The final version Kentaree posted, while no more correct in terms of output, than yours, is also more efficient, in terms of instructions executed.

Can you see why?

If not, it’d be worth your while thinking about it, or stepping through it on paper, or in a debugger.

There’s a bit of a programming maxim from the unix world, that popped into my head looking at the different solutions:

Make it work
Make it good
Make it fast

Meaning, first make the code do the thing you intended – which yours does.

Then, make it good – high quality, readable, maintainable. Your second version is probably better stylistically than your first, as it uses a more common pattern (for loop nested in a for loop) as opposed to a less common one (while loop, essentially functioning as a for loop, nested in a for loop).

Finally, what Kentaree posted, works, is good – in that it’s easy to read – and is fast, in that it uses less instructions than having the if statement in there, like you did. (Again, if you don’t see why, it’s well worth your while establishing this for yourself).

I think the maxim is mainly intended to stop people making things fast before they’ve made it work, or good, but I thought I’d mention it as an interesting way of looking at the different characteristics of the solutions, to this small example problem.

[Anonymous]

@feral

Thanks for the encouraging words, appreciate it.

I think i know why kentaree’s code is better, because the code has less line(ie no need for the if statement in this case), thus making the compiling process faster, it might not be obvious now but i’m sure if i’m gonna write a long code, i’ll need to be careful and cut-out-the-crap :)

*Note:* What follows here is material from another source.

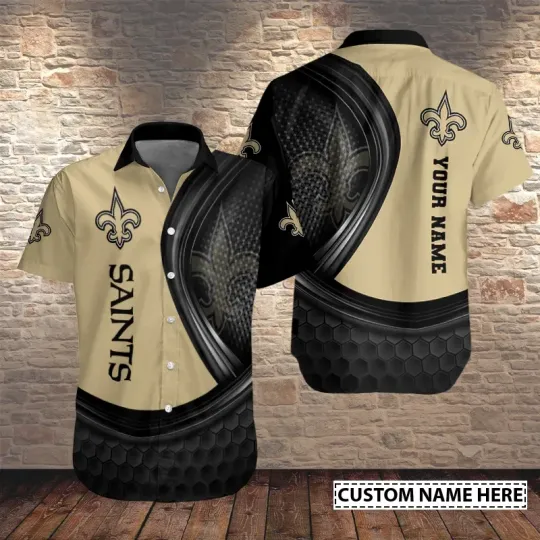 New Orleans Football Team Saintss Hawaiian Shirt Button Down Unisex Adults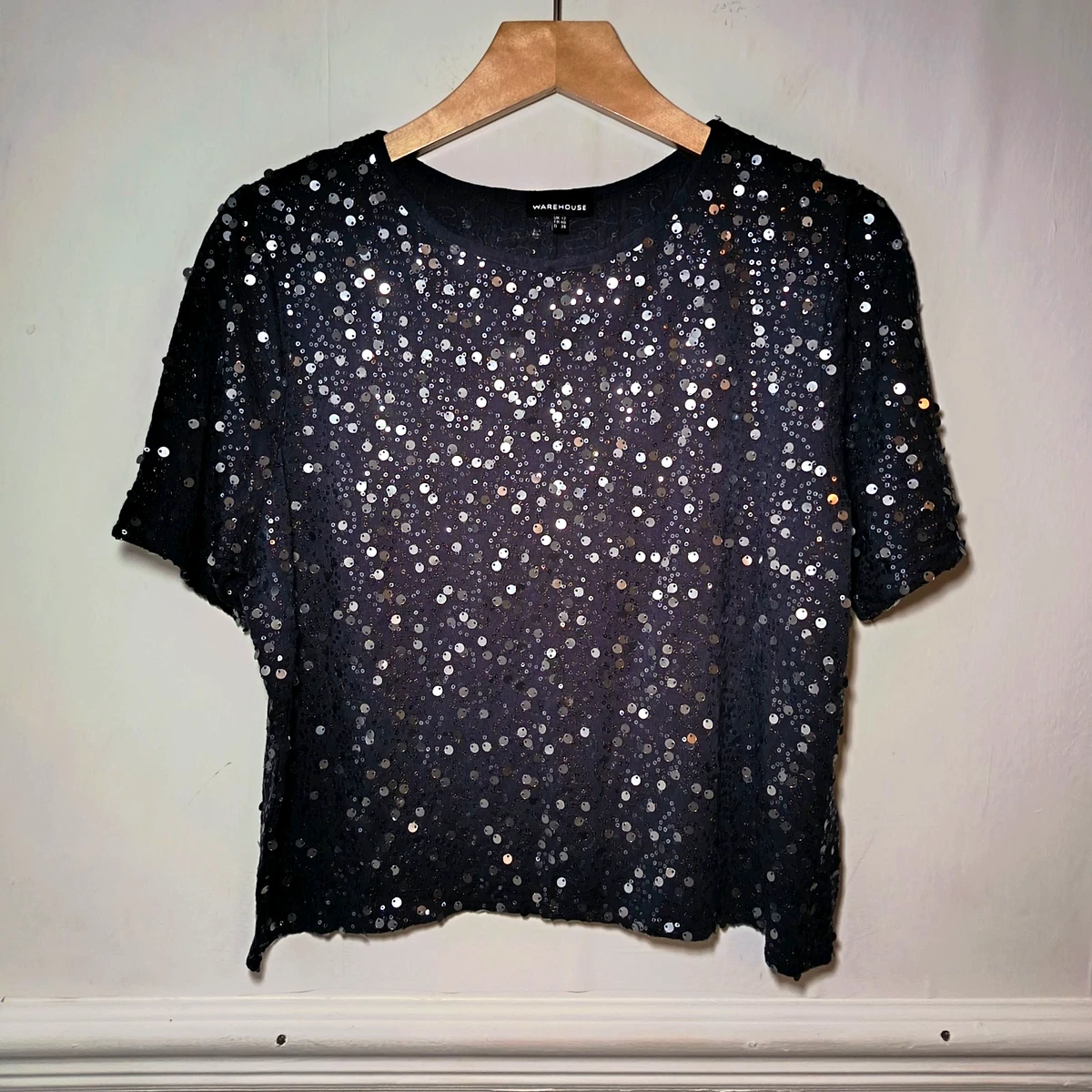 Chemisier Femme Warehouse Noir Et Blanc Taille UK8 - Neuf Sans étiquette, 100% Viscose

ok anyway i’m starting to take a look at array now and there’s a small bit tat i dun really get:

[code:1:832e67f2d3]int main()
{
int x;

int Array[5];

for(x = 0; x<5; x++){
Array[x] = x + 5;
printf("\nNumber %d’s element is %d\n",x,Array[x]);
}
}[/code:1:832e67f2d3]

See this part:

[code:1:832e67f2d3]
for(x = 0; x<5; x++){
Array[x] = x + 5;[/code:1:832e67f2d3]

The "Array[x]" means the element of the array right, n since x starts at "0" in the for loop, the first element would be seen as "0". wat i dont quite get is the fact that compiler wont complain the Array[x] statement?? i mean i’ve only declared "x" and "Array[5]", n the compiler automatically recognize Array[x]??

[Anonymous]

Ok.. here is your code with line numbers

[code:1:b90d5733a4]
1 int main()
2 {
3 int x;
4
5 int Array[5];
6
7 for(x = 0; x<5; x++){
8 Array[x] = x + 5;
9 printf("\nNumber %d’s element is %d\n",x,Array[x]);
10 }
11 }
[/code:1:b90d5733a4]

x is what I would call the Counter variable.
On line 7 it decides how many times the loop should run

[code:1:b90d5733a4]x = 0;[/code:1:b90d5733a4]
means start the counter at 0

[code:1:b90d5733a4]x < 5;[/code:1:b90d5733a4]
this is the expression that must be true for the loop to continue, in this case less then 5. It cannot be equal to five ..it must be less then.

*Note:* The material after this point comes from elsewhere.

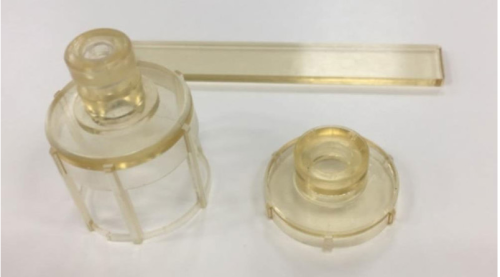 試作したバイオプラスチック製品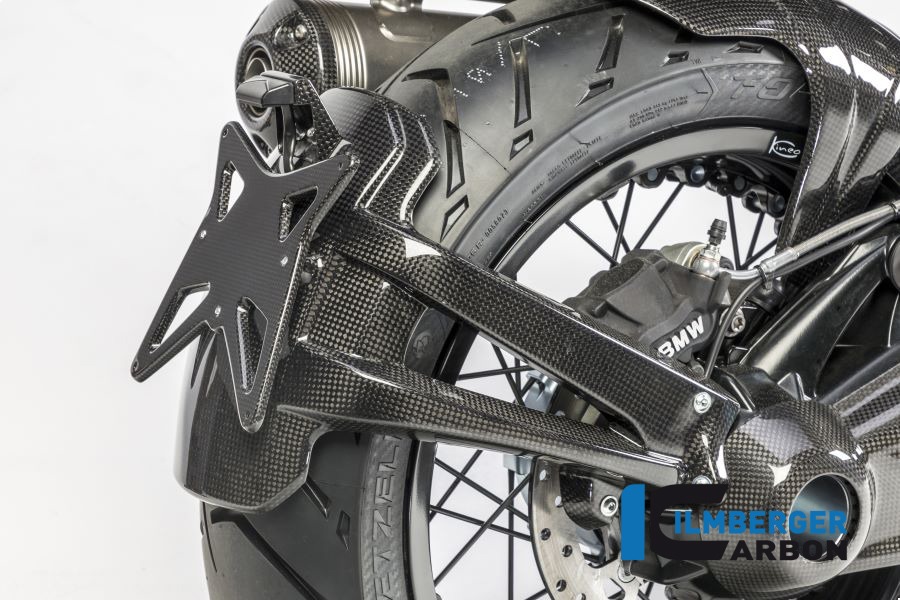 Ilmberger Carbon Spritzschutz incl. Kennzeichenträger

[code:1:b90d5733a4]x++[/code:1:b90d5733a4]
add 1 to x each loop .. this means x will eventually reach 5 meaning that x<5 will be false and the loop will stop.

All this means the loop will run five times with x going from 0 to 4. The first slot or element in EVERY array is Zero. So a three slot array would be MyArray[0].MyArray[1],MyArray[2].

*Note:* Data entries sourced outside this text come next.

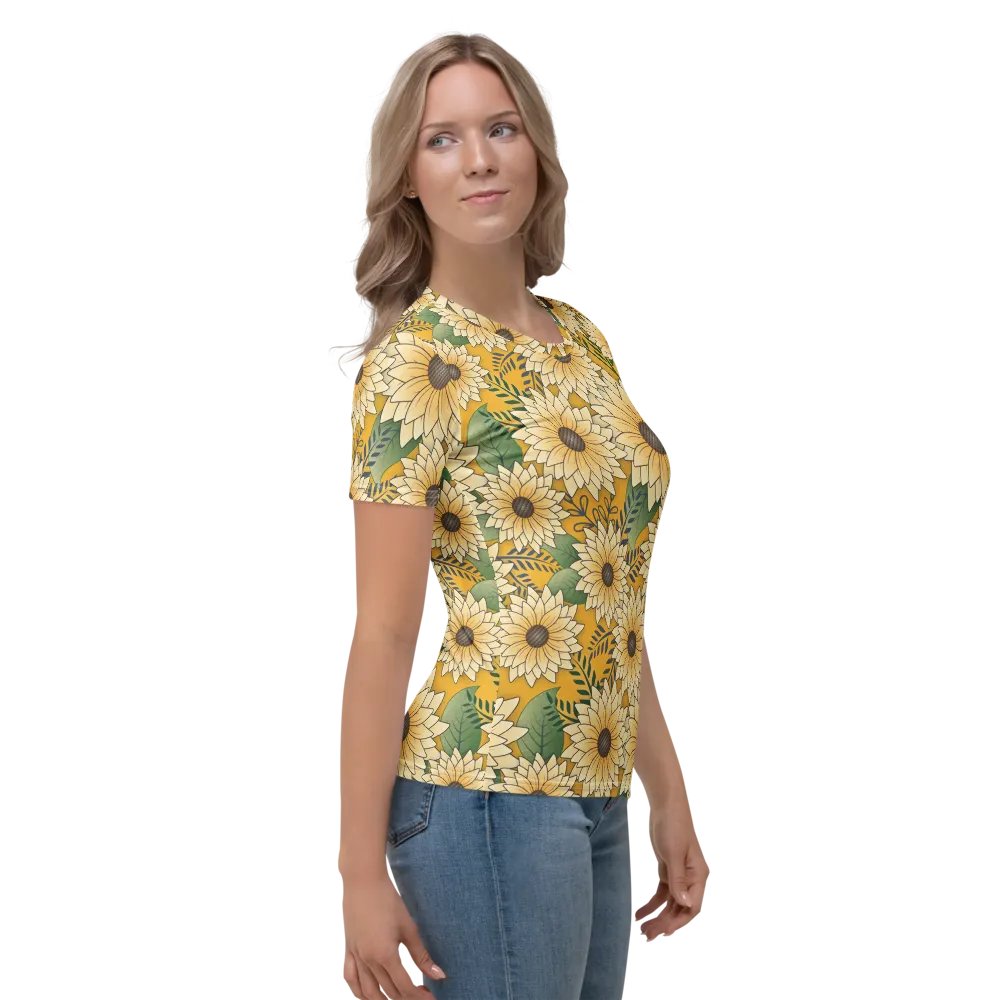 Bold Sunflower Prints Women's T-Shirt product image (4)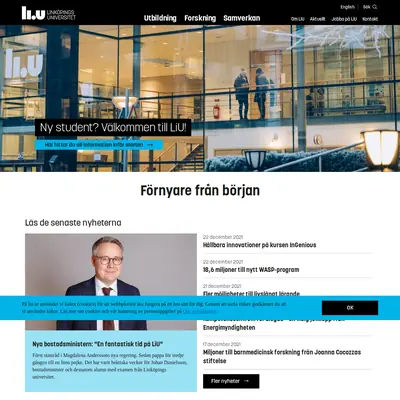 LiU magasin startsida 2022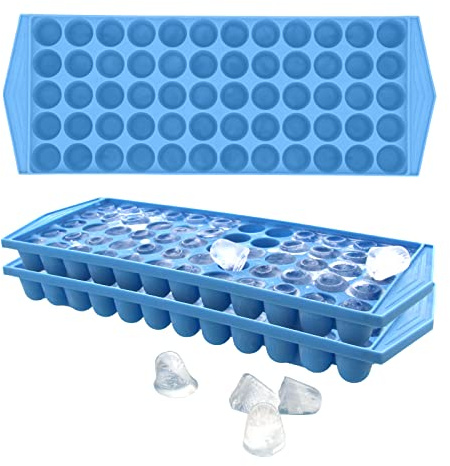 Arrow Mini Ice Cube Trays, 3pk - 60 Mini Spaces Per Tray - Easy to Use, Stackable & Flexible - Great for Sports Bottles, Blenders, Cocktails - BPA Free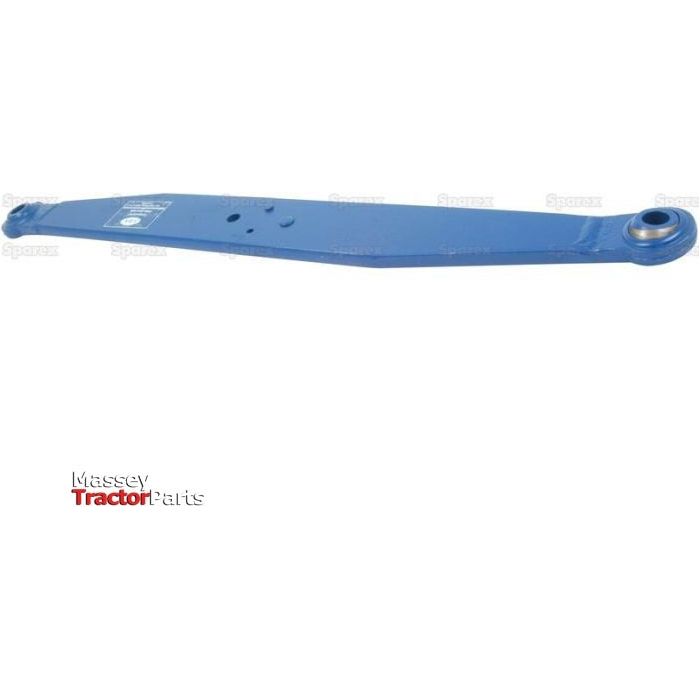 A blue metal Lower Link Lift Arm with a 22mm round hole on one end, labeled "Sparex Part No. S.61696," compatible with Ford New Holland models.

For your example it would be Array[0],Array[0],Array[1],Array[2],Array[3],Array[4],

And as x changes from 0 to 4 that means each slot/element gets filled.

[Anonymous]

yea i got it now, the "x" is like a"element counter" thing, thanks barry
:D

[Anonymous]

just a nooby question:[code:1:4d985ffbb6]#include<stdio.h>
#include<stdlib.h>

int main()
{
int x;
int Array[6];
int Index = -1;

for(x = 0; x < 6; x++)
Array[x] = x * 3;
do{
printf("\nEnter a valid index(0-5):");
scanf("%d",&Index);
}while(Index < 0 || Index > 5);

printf("\nIndex %d holds the number %d\n",Index,Array[Index]);
}[/code:1:4d985ffbb6]

why exactly does the author makes Index = -1???

[Anonymous]

@feral

Thanks for the encouraging words, appreciate it.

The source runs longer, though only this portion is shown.